- Rio Bravo Location map of Rio Bravo, Guatemala
- Coordinates: 14°24′04″N 91°19′10″W﻿ / ﻿14.401100°N 91.319520°W
- Country: Guatemala
- Department: Suchitepéquez Department
- Municipality: Río Bravo

Government
- • Mayor: Juan Francisco López Díaz (UNE)

Area
- • Total: 175 km^{2} (68 sq mi)
- Elevation: 46 m (151 ft)

Population (2018 census)
- • Total: 27,606
- • Density: 158/km^{2} (409/sq mi)
- Time zone: CST
- Website: riobravo.blogspot.com

= Río Bravo, Suchitepéquez =

Río Bravo is a town, with a population of 15,391 (2018 census), and a municipality in the Suchitepéquez department of Guatemala. Rio Bravo is a municipality that belongs to the department of Suchitepequez, in the Republic of Guatemala. The town was established December 10, 1951.

Formerly it was known as San Francisco Rio Bravo and belonged to the municipality of Santa Barbara. Its population was established near the Grande de Zacapa River, from which it gets its name.

It is located 127 km from the capital of Guatemala, reaching the coastal plain along the Pacific Ocean, because of this temperature is normally maintained at 32 °C but drops to 22 °C or 37 °C totals.

== Economy ==

The main economic activities are agriculture, livestock and agribusiness. Its main crops are sugar cane, rubber, corn, beans, bananas and plantains. This municipality has a land area of 305 square kilometers and a population of approximately 17805 inhabitants (est. 2007).

== History ==

The town was established near the Rio Grande and called San Francisco Caserío. Formerly it was known as San Francisco Rio Bravo. At that time there was a village belonging to the municipality of Santa Barbara. By Decree No. 226 of the Congress of the Republic, it was elevated to the category of Municipality, segregating the territory of Santa Barbara in a document dated December 10, 1951 in the public square of San Francisco Rio Bravo. Its first mayor imposed by the Committee for independence, was Mr. José Fuentes and the first elected was Mr. Daniel Foronda. The management of the creation of the municipality was conducted by the Civic Committee municipality of Rio Bravo, backed by 23 owners and property managers and most residents of the population. The census of April 3, 1950, indicates that Rio Bravo had 1300 inhabitants.

== Demographics ==

The population of Rio Bravo is mostly Latino, counting the Mayan population in communities and Agrarian Community Sololateca Colonia La Campesina.

== Hydrography ==

The municipality of Rio Bravo rivers cross it 14 1 stream, and 22 trenches, the main rivers are: the San Francisco River, the Rio Grande River and Siguacán. At the top there are some minor water sources; the municipal head is supplied by diverting water from the river.

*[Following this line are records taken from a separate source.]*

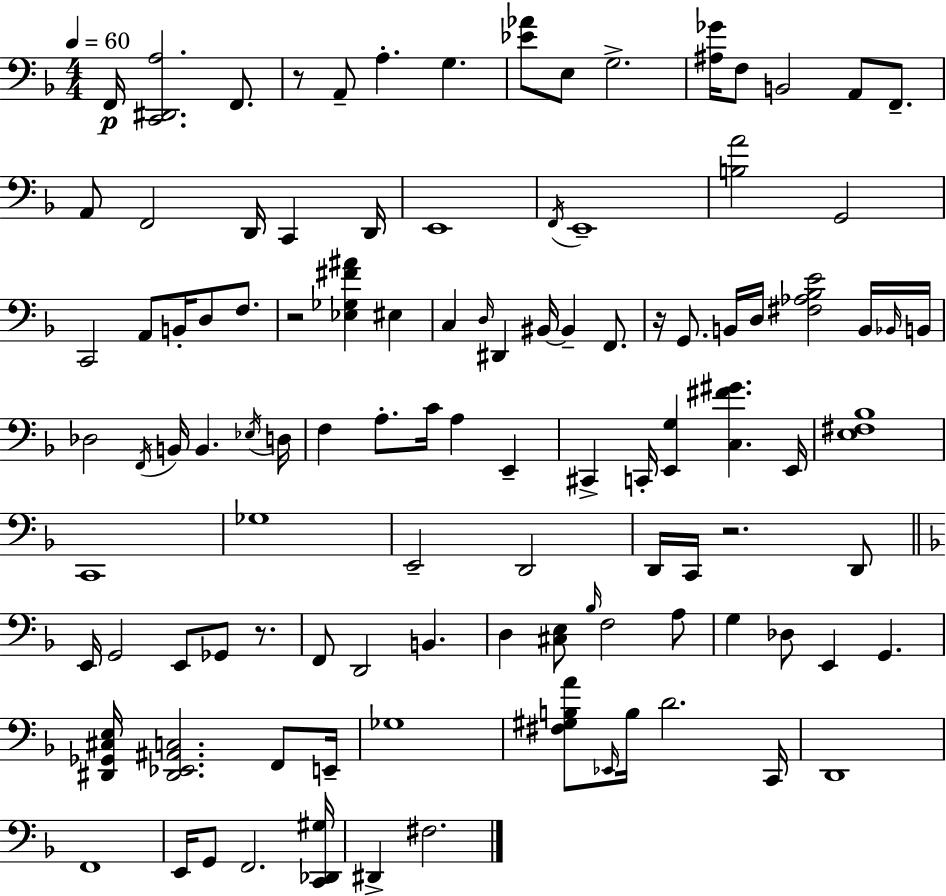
X:1
T:Untitled
M:4/4
L:1/4
K:Dm
F,,/4 [C,,^D,,A,]2 F,,/2 z/2 A,,/2 A, G, [_E_A]/2 E,/2 G,2 [^A,_G]/4 F,/2 B,,2 A,,/2 F,,/2 A,,/2 F,,2 D,,/4 C,, D,,/4 E,,4 F,,/4 E,,4 [B,A]2 G,,2 C,,2 A,,/2 B,,/4 D,/2 F,/2 z2 [_E,_G,^F^A] ^E, C, D,/4 ^D,, ^B,,/4 ^B,, F,,/2 z/4 G,,/2 B,,/4 D,/4 [^F,_A,_B,E]2 B,,/4 _B,,/4 B,,/4 _D,2 F,,/4 B,,/4 B,, _E,/4 D,/4 F, A,/2 C/4 A, E,, ^C,, C,,/4 [E,,G,] [C,^F^G] E,,/4 [E,^F,_B,]4 C,,4 _G,4 E,,2 D,,2 D,,/4 C,,/4 z2 D,,/2 E,,/4 G,,2 E,,/2 _G,,/2 z/2 F,,/2 D,,2 B,, D, [^C,E,]/2 _B,/4 F,2 A,/2 G, _D,/2 E,, G,, [^D,,_G,,^C,E,]/4 [^D,,_E,,^A,,C,]2 F,,/2 E,,/4 _G,4 [^F,^G,B,A]/2 _E,,/4 B,/4 D2 C,,/4 D,,4 F,,4 E,,/4 G,,/2 F,,2 [C,,_D,,^G,]/4 ^D,, ^F,2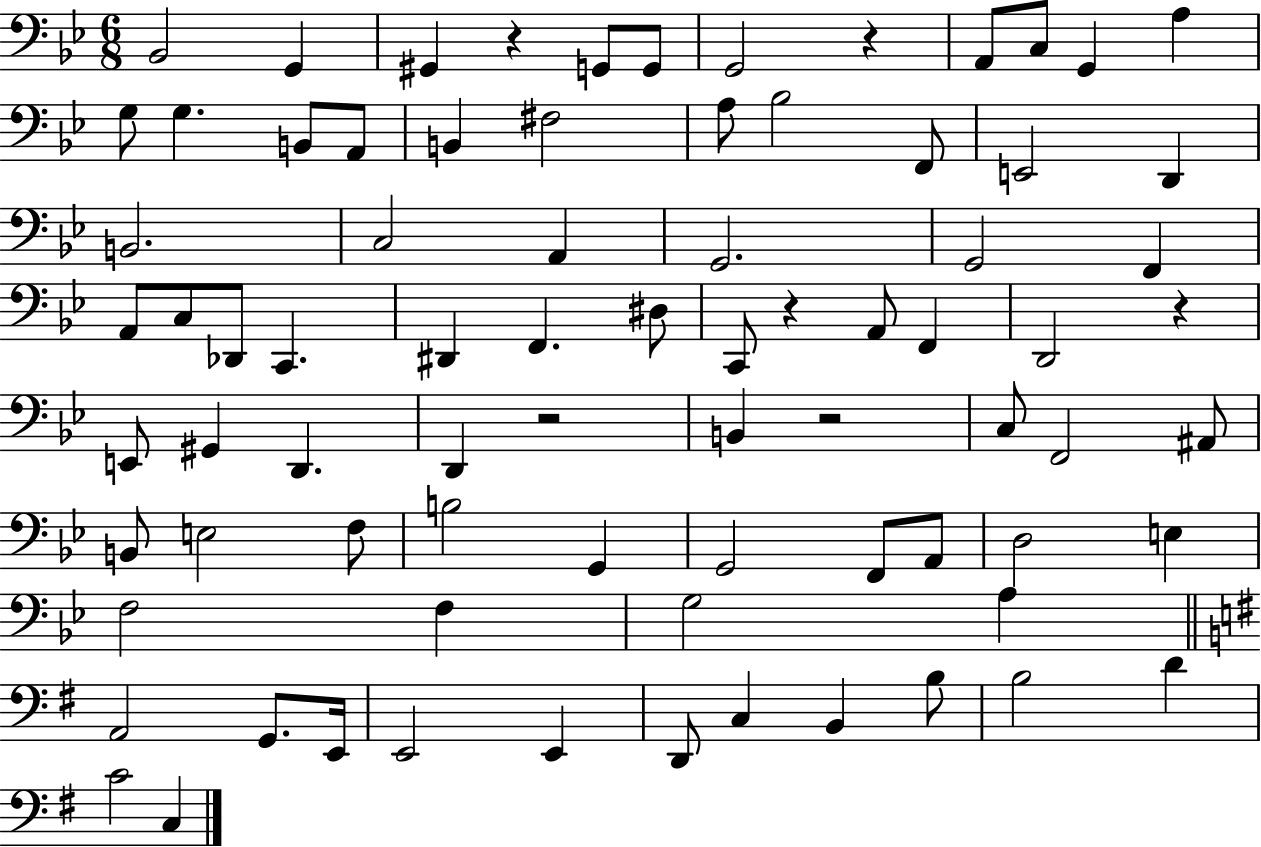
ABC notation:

X:1
T:Untitled
M:6/8
L:1/4
K:Bb
_B,,2 G,, ^G,, z G,,/2 G,,/2 G,,2 z A,,/2 C,/2 G,, A, G,/2 G, B,,/2 A,,/2 B,, ^F,2 A,/2 _B,2 F,,/2 E,,2 D,, B,,2 C,2 A,, G,,2 G,,2 F,, A,,/2 C,/2 _D,,/2 C,, ^D,, F,, ^D,/2 C,,/2 z A,,/2 F,, D,,2 z E,,/2 ^G,, D,, D,, z2 B,, z2 C,/2 F,,2 ^A,,/2 B,,/2 E,2 F,/2 B,2 G,, G,,2 F,,/2 A,,/2 D,2 E, F,2 F, G,2 A, A,,2 G,,/2 E,,/4 E,,2 E,, D,,/2 C, B,, B,/2 B,2 D C2 C,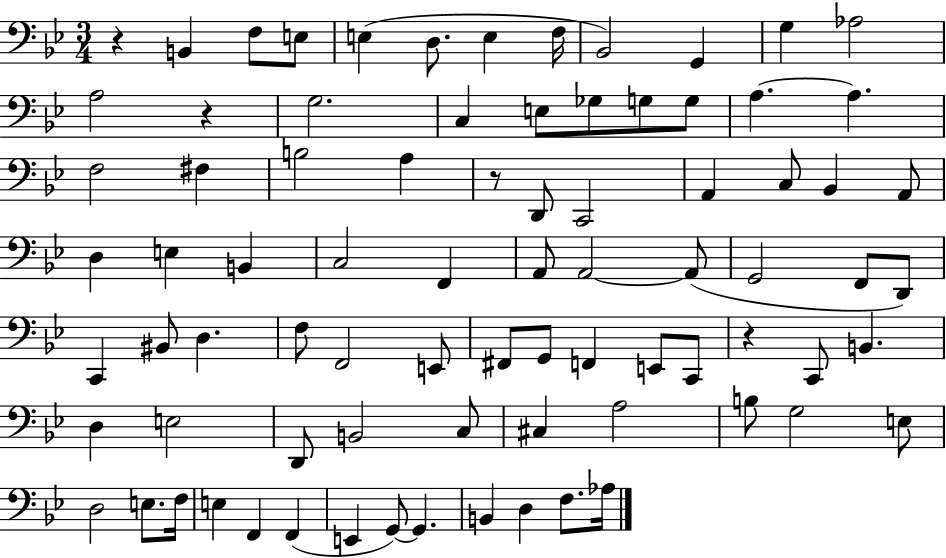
{
  \clef bass
  \numericTimeSignature
  \time 3/4
  \key bes \major
  r4 b,4 f8 e8 | e4( d8. e4 f16 | bes,2) g,4 | g4 aes2 | \break a2 r4 | g2. | c4 e8 ges8 g8 g8 | a4.~~ a4. | \break f2 fis4 | b2 a4 | r8 d,8 c,2 | a,4 c8 bes,4 a,8 | \break d4 e4 b,4 | c2 f,4 | a,8 a,2~~ a,8( | g,2 f,8 d,8) | \break c,4 bis,8 d4. | f8 f,2 e,8 | fis,8 g,8 f,4 e,8 c,8 | r4 c,8 b,4. | \break d4 e2 | d,8 b,2 c8 | cis4 a2 | b8 g2 e8 | \break d2 e8. f16 | e4 f,4 f,4( | e,4 g,8~~) g,4. | b,4 d4 f8. aes16 | \break \bar "|."
}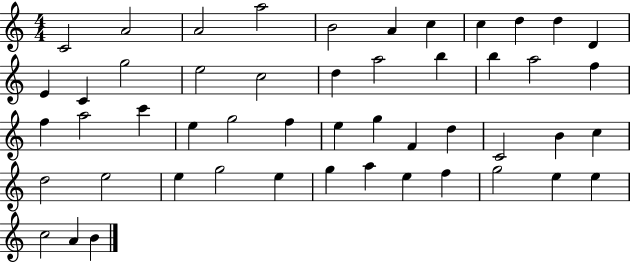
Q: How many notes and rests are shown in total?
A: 50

Other Sources (Births, Well, Springs): at the top, there are some sources of water between them in the La Colonia as well as another source in the Lotificación Santo Tomas, Colonia Las Flores; Hot Springs (Aguas Calientes) farm El Recuerdo; There is a gap in farm Mangales and in Lotificación Rio Seco; the municipal head is supplied by diverting water from the river.

== Lynching in 2015 ==

A sixteen-year-old teenage girl was burned to death there in May 2015 by a vigilante mob after being accused by some of involvement in the killing of a taxi driver earlier in the month. A crowd of at least one hundred people watched as she walked around the burning and rolled on the ground crying for help. No one intervened to save the girl from the beating or to extinguish the fire. The girl lay on a main street in town and when the fire began dying out, Gregorio Gutierrez Lima ran out of the crowd and doused her body with fuel and her body was engulfed in flames.

While the attack was in retaliation for the girl's presumed involvement in the robbery and murder of a local taxi driver, with two male accomplices being absent, without a trial, it is unknown whether she was involved or simply in the wrong place at the wrong time and just happened to be near the two male individuals who fled the scene.